A few months ago, I was offered a copy of a book that's essentially catnip for me: The Court of Shadows, by Victor Dixen, out today! This is a long review, so here's the quick version:
The Court of Shadows is a vampire novel set in a school at an alternate Versailles. There's a young heroine out for revenge, a bunch of scheming nobles and ever-present danger. It's like a cross between the Versailles TV show, Vampire Academy and Anne Rice. The vampires are beautiful, but so evil they're not romance candidates. There is a touch of romance, but that's not the point of the novel at all. Read it for the vengeful, stabby heroine and the bloody, dangerous world.
The Vampyria series is set in an alternate France--largely at Versailles--in which Louis XIV was "transmuted" into a vampire instead of ending his reign. Now it's 299 years later and most of the world is either ruled by vampires or allied with them. Commoners (humans without noble status or medical training) live under an oppressive Mortal Code, which requires them to stay within one league of their bell tower, stay in their homes after dark and tithe 1/10 of their blood each month to feed the vampires in exchange for "protection."
This protection is, as you might guess, dubious at best. Jeanne, our seventeen year old heroine, has no illusions. The elaborate web of lies told to the fourth estate (commoners) is flimsy at best. Still, commoners are essentially caged and have no physical or class mobility. The parallel between the monarchy and aristocracy and literal bloodsuckers is not subtle.
Jeanne's family is eating dinner one night when guards knock on the door, burst in and murder everyone but Jeanne and her brother Bastien. Turns out her family had been keeping a secret from her: they were members of the rebellion and her father's apothecary lab was for more than just medicines. Jeanne and Bastien escape to the home of his secret girlfriend (so many secrets), the daughter of the local feudal lord. Except she's been betrayed by her father and in one big, bloody scene, Bastien, his girlfriend, the Baron and his guard are all slaughtered.
Here's how we know this is an historical fantasy horror revenge novel: after murdering the Baron, Jeanne smashes Diane's face into the stone floor until her body is unrecognizable and trades clothes with her so that when the vampire who's just arrived outside discovers the scene, she can take Diane's place. Not only is Jeanne capable of spectacular violence, Dixen hasn't sanitized it. She doesn't shoot someone with a crossbow and they instantly die. No, it's more of a cinematic Anne Rice-style style.

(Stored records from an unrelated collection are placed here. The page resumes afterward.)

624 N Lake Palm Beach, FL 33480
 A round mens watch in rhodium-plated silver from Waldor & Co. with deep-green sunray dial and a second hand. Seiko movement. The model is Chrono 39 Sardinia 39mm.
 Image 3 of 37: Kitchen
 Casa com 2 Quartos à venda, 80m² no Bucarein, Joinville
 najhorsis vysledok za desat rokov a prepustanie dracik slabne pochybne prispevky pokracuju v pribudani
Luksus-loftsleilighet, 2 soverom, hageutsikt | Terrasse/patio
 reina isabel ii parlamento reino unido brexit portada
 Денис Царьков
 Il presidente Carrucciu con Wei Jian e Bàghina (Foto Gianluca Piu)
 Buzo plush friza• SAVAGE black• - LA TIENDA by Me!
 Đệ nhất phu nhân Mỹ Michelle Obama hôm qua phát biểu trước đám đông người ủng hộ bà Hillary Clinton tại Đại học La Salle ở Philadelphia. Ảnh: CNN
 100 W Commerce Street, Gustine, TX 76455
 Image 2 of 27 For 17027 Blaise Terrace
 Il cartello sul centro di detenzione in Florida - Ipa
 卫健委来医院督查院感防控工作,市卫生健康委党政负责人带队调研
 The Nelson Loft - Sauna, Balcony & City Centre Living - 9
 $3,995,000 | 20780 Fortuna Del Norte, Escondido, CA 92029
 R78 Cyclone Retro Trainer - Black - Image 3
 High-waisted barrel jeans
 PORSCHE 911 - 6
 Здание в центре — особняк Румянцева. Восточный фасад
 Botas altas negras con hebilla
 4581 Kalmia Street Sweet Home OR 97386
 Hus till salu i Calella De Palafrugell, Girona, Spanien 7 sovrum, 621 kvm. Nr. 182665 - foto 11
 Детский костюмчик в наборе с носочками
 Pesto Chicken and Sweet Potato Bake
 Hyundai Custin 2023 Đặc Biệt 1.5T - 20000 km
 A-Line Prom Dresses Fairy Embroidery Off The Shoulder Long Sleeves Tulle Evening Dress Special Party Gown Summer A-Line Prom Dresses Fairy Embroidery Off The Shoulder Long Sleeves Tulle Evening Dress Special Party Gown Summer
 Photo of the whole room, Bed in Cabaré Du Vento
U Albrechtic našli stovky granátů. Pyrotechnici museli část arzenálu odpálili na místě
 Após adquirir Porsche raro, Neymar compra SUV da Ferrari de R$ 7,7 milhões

Jeanne/Diane is swept off to Versailles to become the King's ward and into a training school for young nobility seeking to become one of the King's chosen. She learns on the journey that the vampire transporting her is not the friendly, handsome, forever-nineteen-year-old he presents himself as. After a couple of days on the road, he brags about having drained her mother's dying body dry and carrying the leftovers in his flask. Jeanne regrets not killing him while he slept and resolves to do so as soon as possible.
Instead of sending Jeanne to etiquette school and suspending the action until the end of the novel, Dixen never lets the reader forget how dangerous--and creepy--The Court of Shadows is. Forced bloodletting, a human hunt, vampire-specific dining menus, secrets and lies that could get Jeanne killed... This is a book that grabs on an doesn't let go.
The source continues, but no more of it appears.